> _What you need to do_: Leave out the images and repeat the listing below without a single change.

> _Given material_:
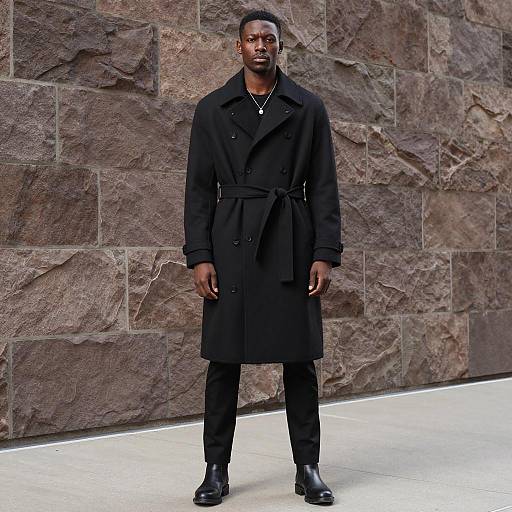 Urban Fashion Portrait of Black Male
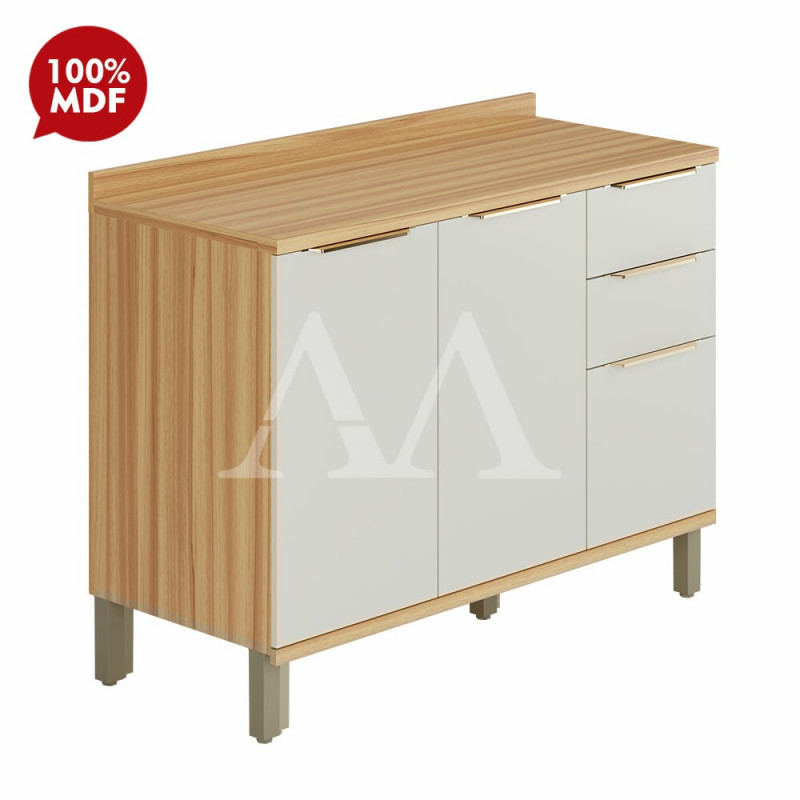 BALCAO RONIPA 2P 3G SAUVIGNON 120CM AMENDOA/OFF WHITE BALCAO RONIPA 2P 3G SAUVIGNON 120CM AMENDOA/OFF WHITE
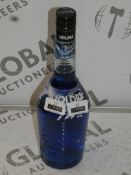 Lot to Contain 12 Bottles of Blue Volare 70cl Italian Liqueur RRP £35 A Bottle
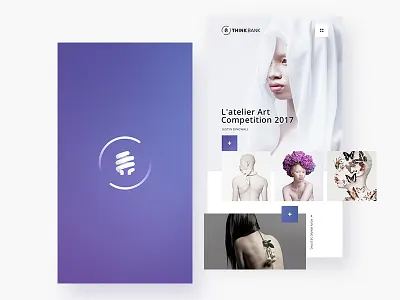 Think Bank App Design app design mobile website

> _Answer to the problem_:
 Urban Fashion Portrait of Black Male
 BALCAO RONIPA 2P 3G SAUVIGNON 120CM AMENDOA/OFF WHITE BALCAO RONIPA 2P 3G SAUVIGNON 120CM AMENDOA/OFF WHITE
 Lot to Contain 12 Bottles of Blue Volare 70cl Italian Liqueur RRP £35 A Bottle
 Think Bank App Design app design mobile website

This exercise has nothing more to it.